## Data
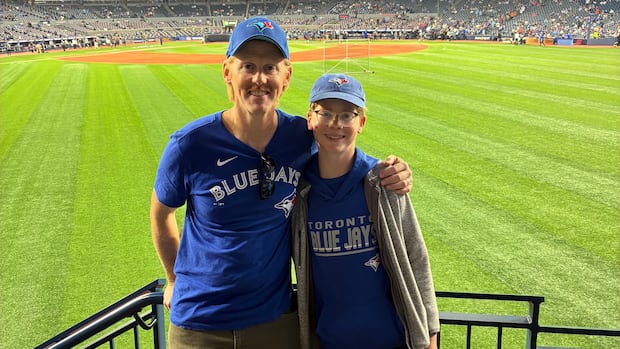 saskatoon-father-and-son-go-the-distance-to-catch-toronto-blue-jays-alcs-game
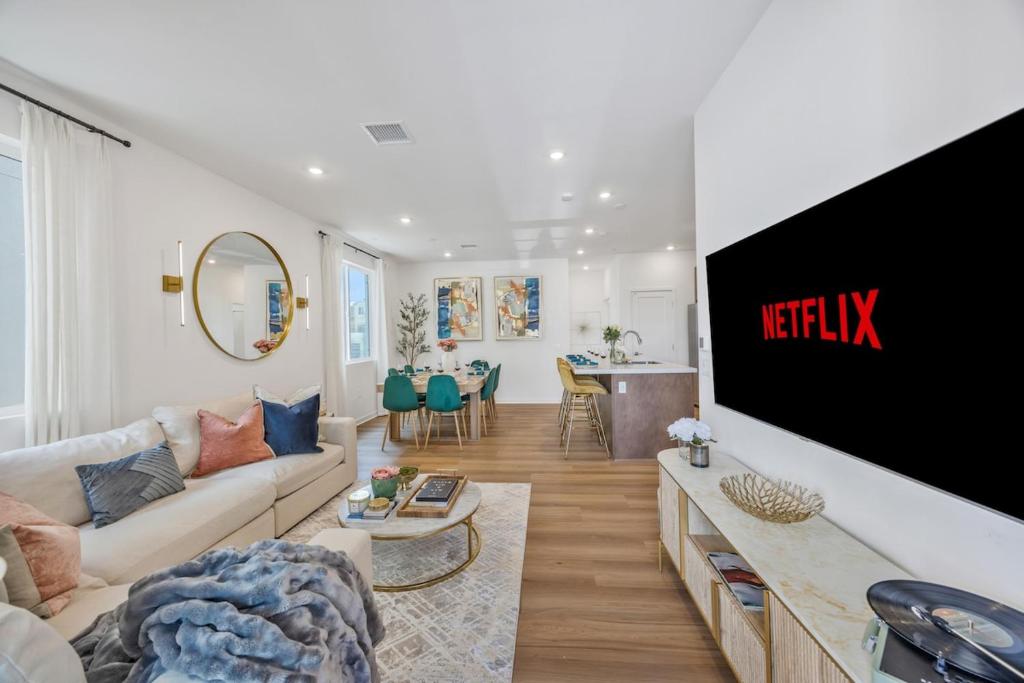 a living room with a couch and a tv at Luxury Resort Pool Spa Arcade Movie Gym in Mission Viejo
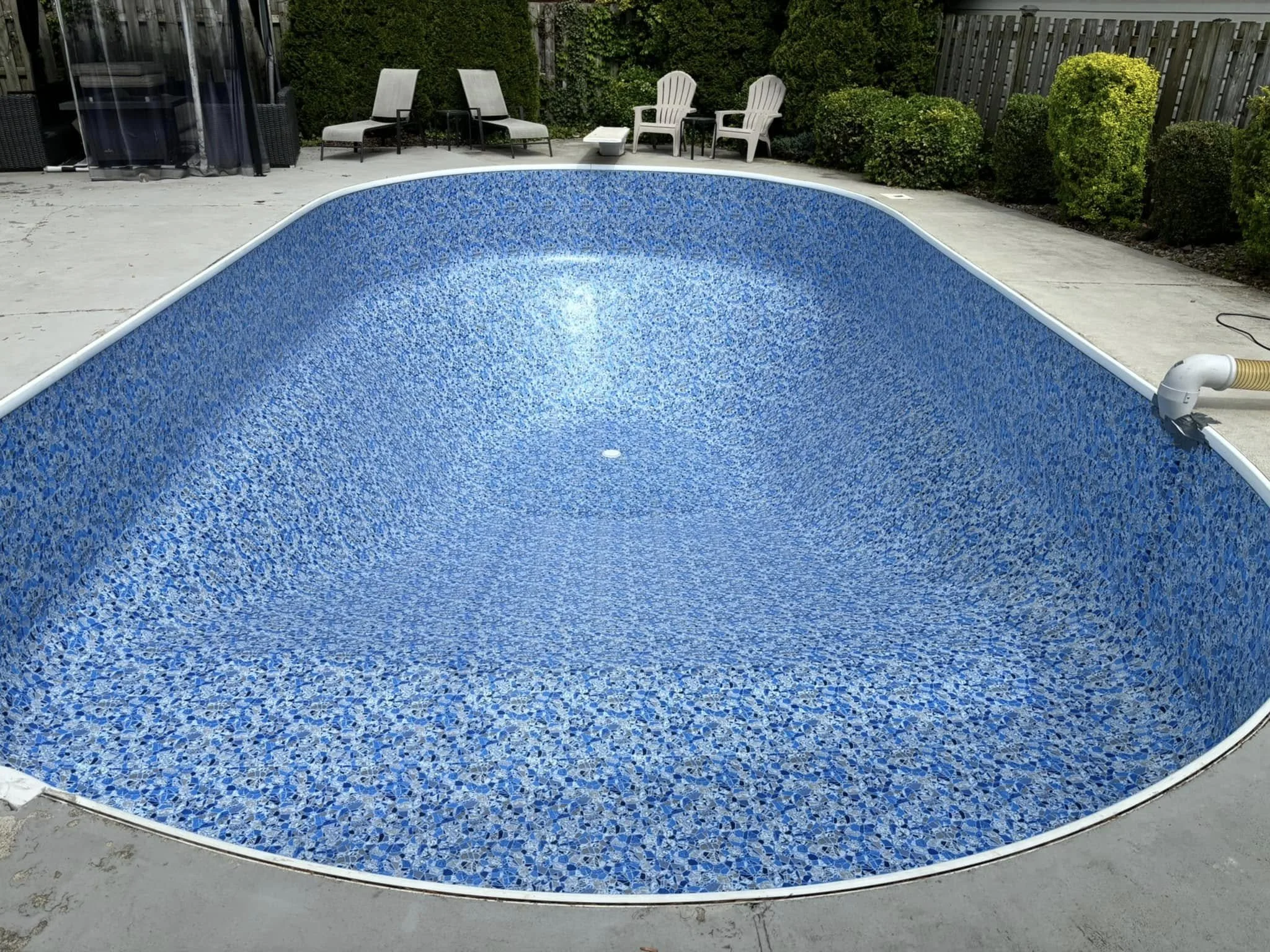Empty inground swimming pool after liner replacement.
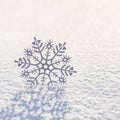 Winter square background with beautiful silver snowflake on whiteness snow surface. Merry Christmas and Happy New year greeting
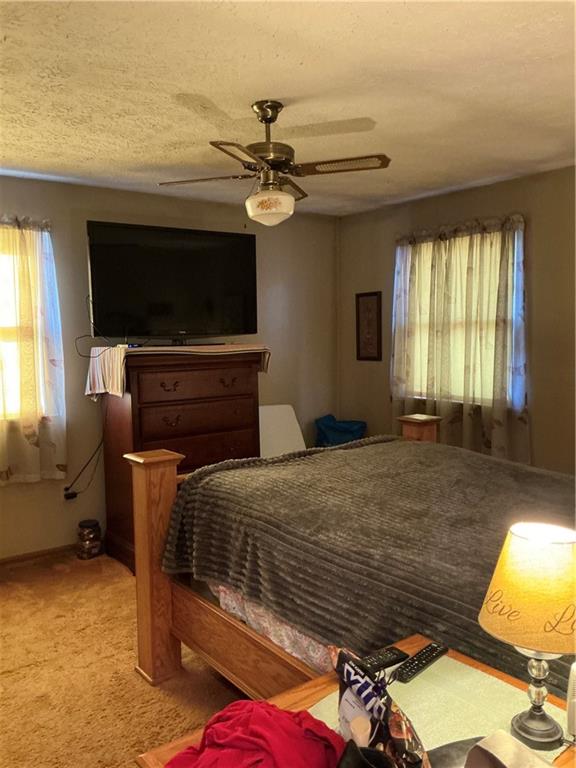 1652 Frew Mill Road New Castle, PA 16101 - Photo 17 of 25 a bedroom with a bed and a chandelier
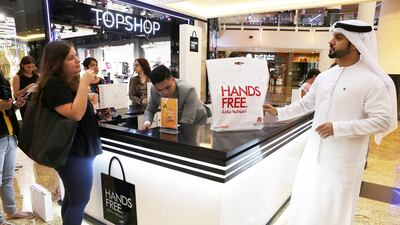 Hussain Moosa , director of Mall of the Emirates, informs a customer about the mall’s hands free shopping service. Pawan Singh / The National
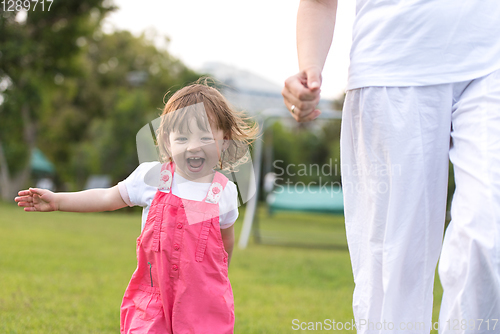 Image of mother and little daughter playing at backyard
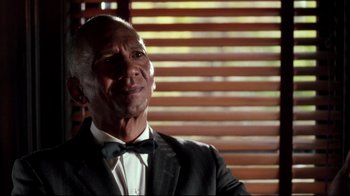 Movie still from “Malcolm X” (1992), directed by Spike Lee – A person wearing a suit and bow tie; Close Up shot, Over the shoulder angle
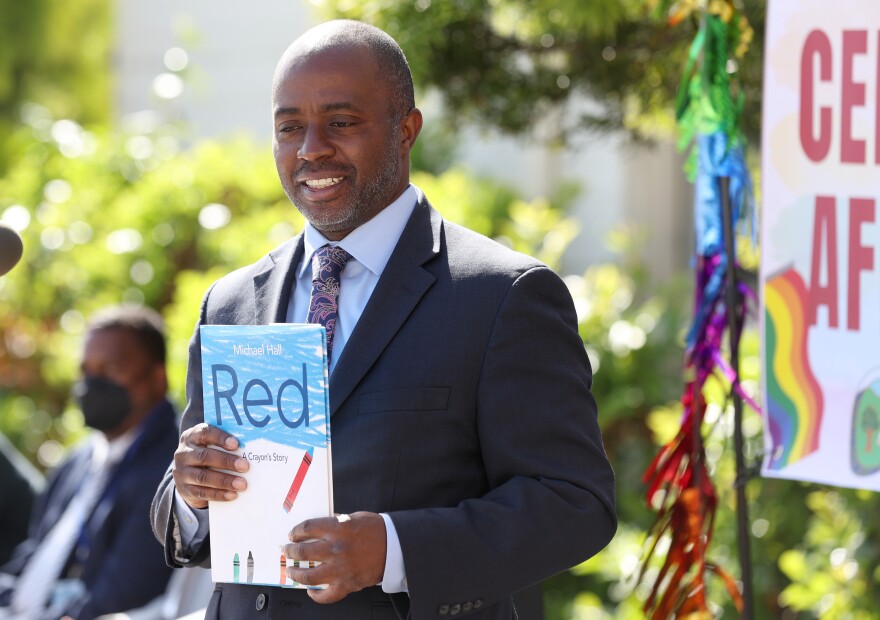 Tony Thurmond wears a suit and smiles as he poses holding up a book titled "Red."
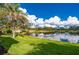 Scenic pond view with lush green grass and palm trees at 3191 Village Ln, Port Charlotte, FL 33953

## Task directions
Extract the text of all the records above verbatim, excluding pictures.

## Task answer
 saskatoon-father-and-son-go-the-distance-to-catch-toronto-blue-jays-alcs-game
 a living room with a couch and a tv at Luxury Resort Pool Spa Arcade Movie Gym in Mission Viejo
Empty inground swimming pool after liner replacement.
 Winter square background with beautiful silver snowflake on whiteness snow surface. Merry Christmas and Happy New year greeting
 1652 Frew Mill Road New Castle, PA 16101 - Photo 17 of 25 a bedroom with a bed and a chandelier
 Hussain Moosa , director of Mall of the Emirates, informs a customer about the mall’s hands free shopping service. Pawan Singh / The National
 Image of mother and little daughter playing at backyard
 Movie still from “Malcolm X” (1992), directed by Spike Lee – A person wearing a suit and bow tie; Close Up shot, Over the shoulder angle
 Tony Thurmond wears a suit and smiles as he poses holding up a book titled "Red."
 Scenic pond view with lush green grass and palm trees at 3191 Village Ln, Port Charlotte, FL 33953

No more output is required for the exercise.